UText directly supports text in these formats:
- UTF-8 (char *) strings
- UTF-16 (UChar * or UnicodeString)
- Replaceable
The ICU services that can accept UText based input are:
- Regular Expressions
- Break Iteration
Examples of text formats that UText could be extended to support:
UTF-32 format.
Text that is stored in discontiguous chunks in memory, or in application-specific representations.
Text that is in a non-Unicode code page
If ICU does not directly support a desired text format, it is
possible for application developers themselves to extend UText, and in
that way gain the ability to use their text with ICU.
Using UText
There are three fairly distinct classes of use of UText. These are
Simple wrapping of existing text.
Application text data exists in a format that is already supported by
UText (such as UTF-8). The application opens a UText on the data, and
then passes the UText to an ICU service for analysis/processing. Most
use of UText from applications will follow this simple pattern. Only a
very few UText APIs and only a few lines of code are required.
Accessing the underlying text. UText provides APIs for
iterating over the text in various ways, and for fetching individual
code points from the text. These functions will probably be used
primarily from within ICU, in the implementation of services that can
accept input in the form of a UText. While applications are certainly
free to use these text access functions if necessary, there may often
be no need.
UText support for new text storage formats. If an
application has text data stored in a format that is not directly
supported by ICU, extending UText to support that format will provide
the ability to conveniently use those ICU services that support UText.

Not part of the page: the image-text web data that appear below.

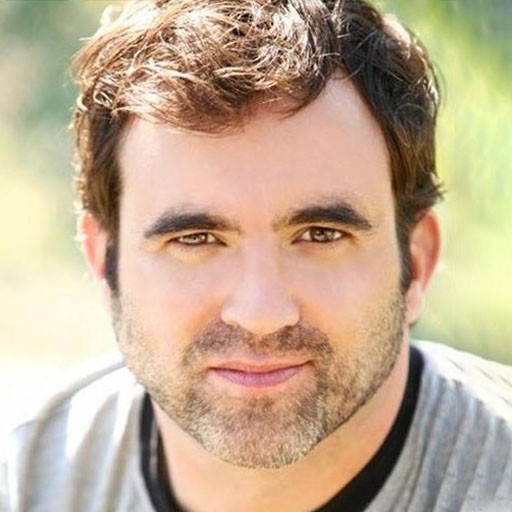 Gabe Khouth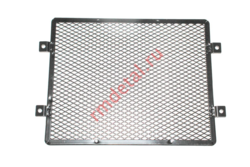 Решетка радиатора 17140-AX400-000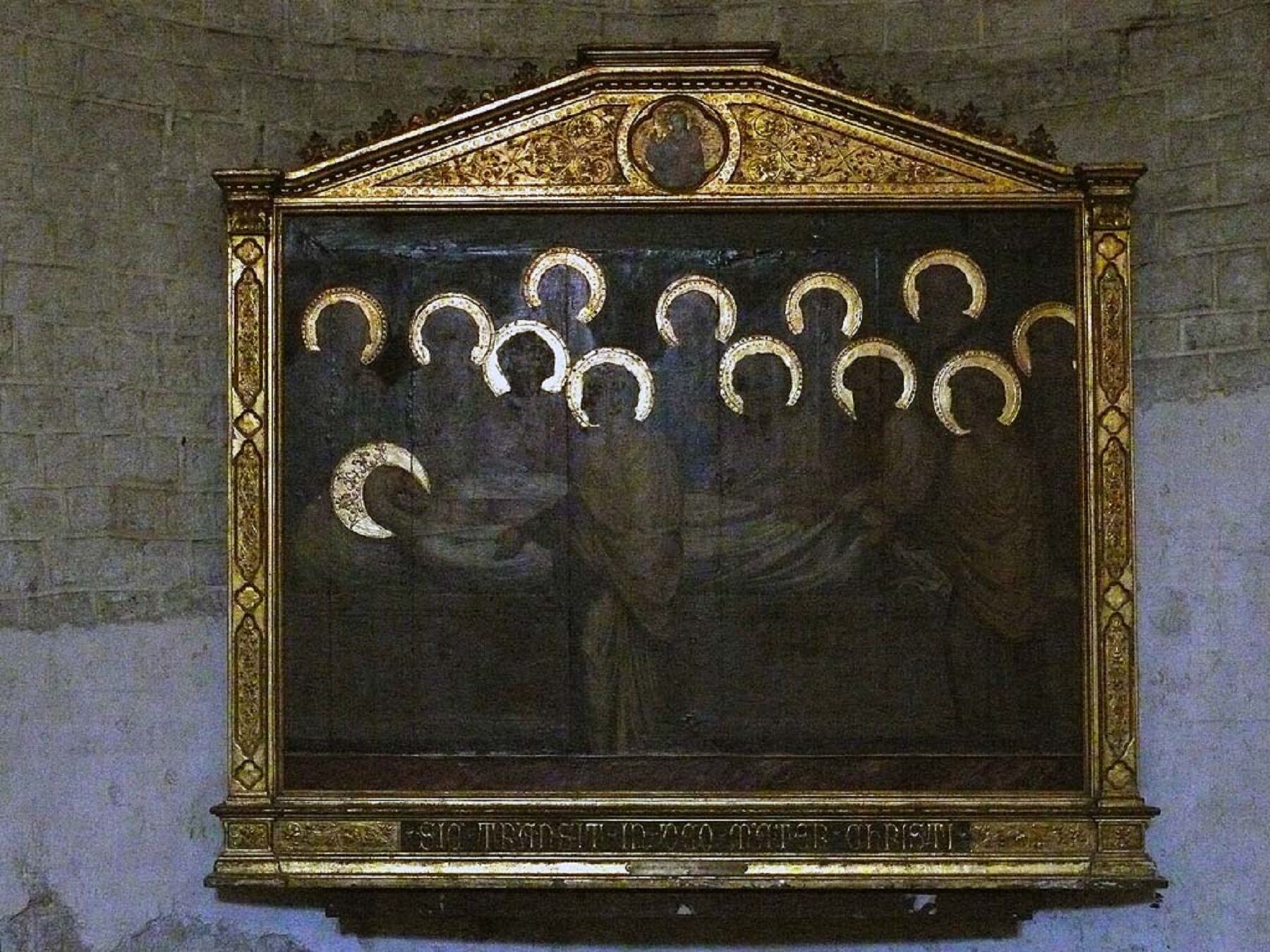 p1022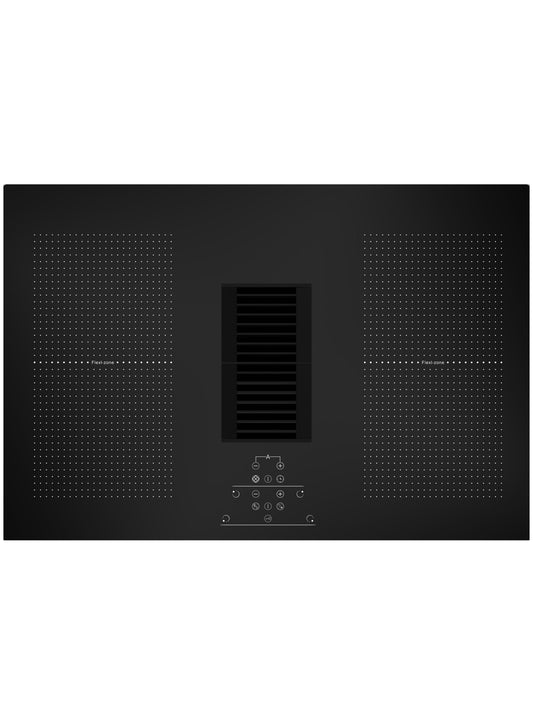 SO 30 Vented induction hob 77cm - OSLA Home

Extending UText to a new format is accomplished by implementing a well defined set of Text Provider Functions for that format.
UText compared with CharacterIterator
CharacterIterator
is an abstract base class that defines a protocol for accessing
characters in a text-storage object. This class has methods for
iterating forward and backward over Unicode characters to return either
the individual Unicode characters or their corresponding index values.

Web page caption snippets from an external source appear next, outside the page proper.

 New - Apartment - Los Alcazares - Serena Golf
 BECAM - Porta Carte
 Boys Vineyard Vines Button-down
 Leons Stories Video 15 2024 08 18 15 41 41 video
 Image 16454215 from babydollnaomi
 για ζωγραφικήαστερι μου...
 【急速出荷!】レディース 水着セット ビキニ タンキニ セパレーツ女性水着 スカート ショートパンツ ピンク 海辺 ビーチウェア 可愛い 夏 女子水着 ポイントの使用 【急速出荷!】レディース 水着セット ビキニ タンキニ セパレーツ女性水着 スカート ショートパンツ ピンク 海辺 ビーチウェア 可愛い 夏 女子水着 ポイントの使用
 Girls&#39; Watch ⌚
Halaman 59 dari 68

UText and CharacterIterator both
provide an abstraction for accessing text while hiding details of the
actual storage format. UText is the more flexible of the two, however,
with these advantages:
UText can conveniently operate on text stored in formats other than UTF-16.
UText includes functions for modifying or editing the text.

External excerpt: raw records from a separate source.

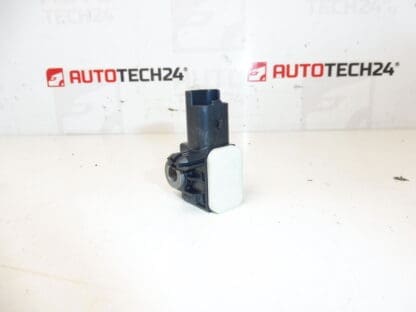 Sensor de impacto lateral 9663904980 8216XR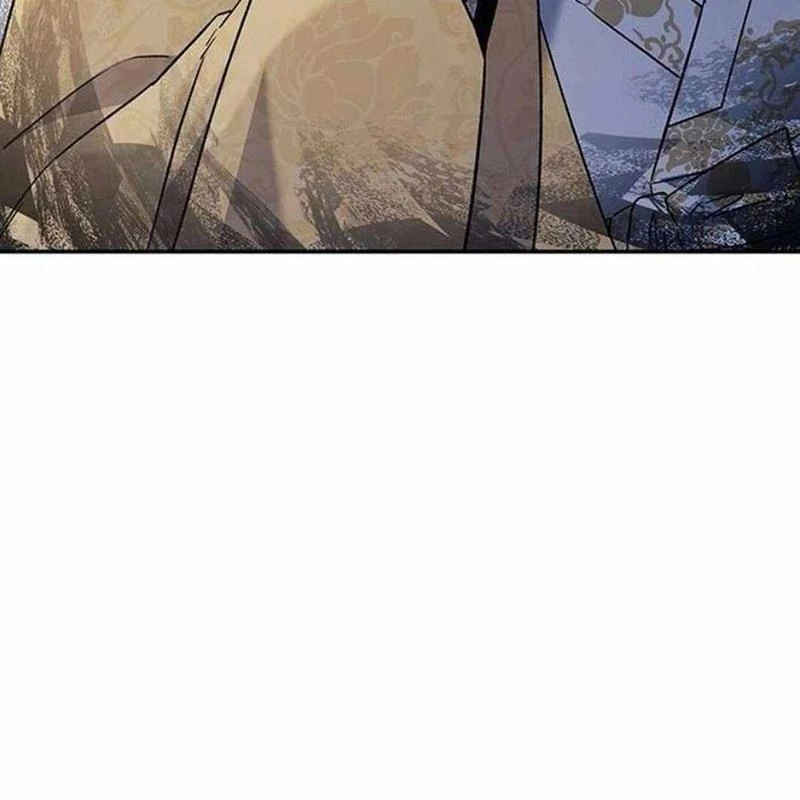 Bác Sĩ Tới Joseon Chapter 44 - Trang 2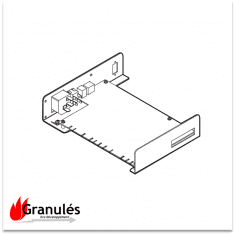 WANDERS CARTE 14000 15000 15000 POWER 25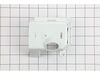 Trimmer Enginegray Cover – Part Number: A160000041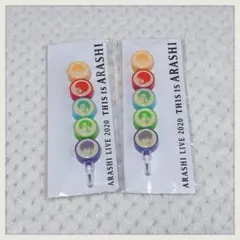 Item thumbnail for item 09fbe633-40e5-45e7-acf9-963b56f603cd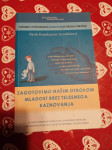 zagotovimo našim otrokom mladost brez telesnega kaznovanja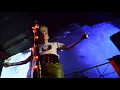 Selofan Club Libido (Give Me A Reason Live)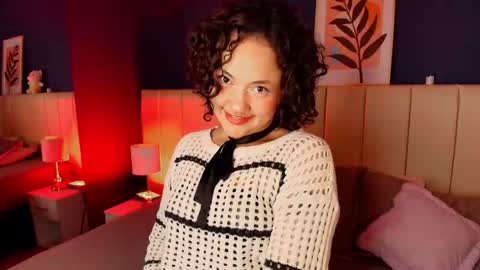 Sara online show from 12/23/25, 03:26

UText is more efficient. When iterating over a range of text
using the CharacterIterator API, a function call is required for every
character. With UText, iterating to the next character is usually done
with small amount of inline code.
At this time, more ICU services support
CharacterIterator than UText. ICU services that can operate on text represented by a
CharacterIterator are
Normalizer
Break Iteration
String Search
Collation Element Iteration
Example: Counting the Words in a UTF-8 String
Here
is a function that uses UText and an ICU break iterator to count the
number of words in a nul-terminated UTF-8 string. The use of UText only
adds two lines of code over what a similar function operating on normal
UTF-16 strings would require.
#include "unicode/utypes.h"
#include "unicode/ubrk.h"
#include "unicode/utext.h"
int countWords(const char *utf8String) { UText *ut = NULL; UBreakIterator *bi = NULL; int wordCount = 0; UErrorCode status = U_ZERO_ERROR;
ut = utext_openUTF8(ut, utf8String, -1, &status); bi = ubrk_open(UBRK_WORD, "en_us", NULL, 0, &status);
ubrk_setUText(bi, ut, &status); while (ubrk_next(bi) != UBRK_DONE) { if (ubrk_getRuleStatus(bi) != UBRK_WORD_NONE) { /* Count only words and numbers, not spaces or punctuation */ wordCount++; } } utext_close(ut); ubrk_close(bi); assert(U_SUCCESS(status)); return wordCount; }
|
UText API Functions
The UText API is declared in the ICU header file utext.h
Opening and Closing.
Normal
usage of UText by an application consists of opening a UText to wrap
some existing text, then passing the UText to ICU functions for
processing. For this kind of usage, all that is needed is the
appropriate utext_open and close functions.
function | description |
---|
uext_openUChars() | Open
a UText over a standard ICU (UChar *) string. The string consists of a
UTF-16 array in memory, either nul terminated or with an explicit
length. |
utext_openUnicodeString() | Open a UText over an instance of an ICU C++ UnicodeString. |
Utext_ openConstUnicodeString() | Open a UText over a read-only UnicodeString. Disallows UText APIs that modify the text. |
utext_openReplaceable() | Open a UText over an instance of an ICU C++ Replaceable. |
utext_openUTF8() | Open a UText over a UTF-8 encoded C string. May be either Nul terminated or have an explicit length. |
utext_close() | Close an open UText. Frees any allocated memory; required to prevent memory leaks. |
Here are some suggestions and techniques for efficient use of UText.
Minimizing Heap Usage
Utext's
open functions include features to allow applications to minimize the
number of heap memory allocations that will be needed. Specifically,
UText structs may declared as local variables, that is, they may be stack allocated rather than heap allocated.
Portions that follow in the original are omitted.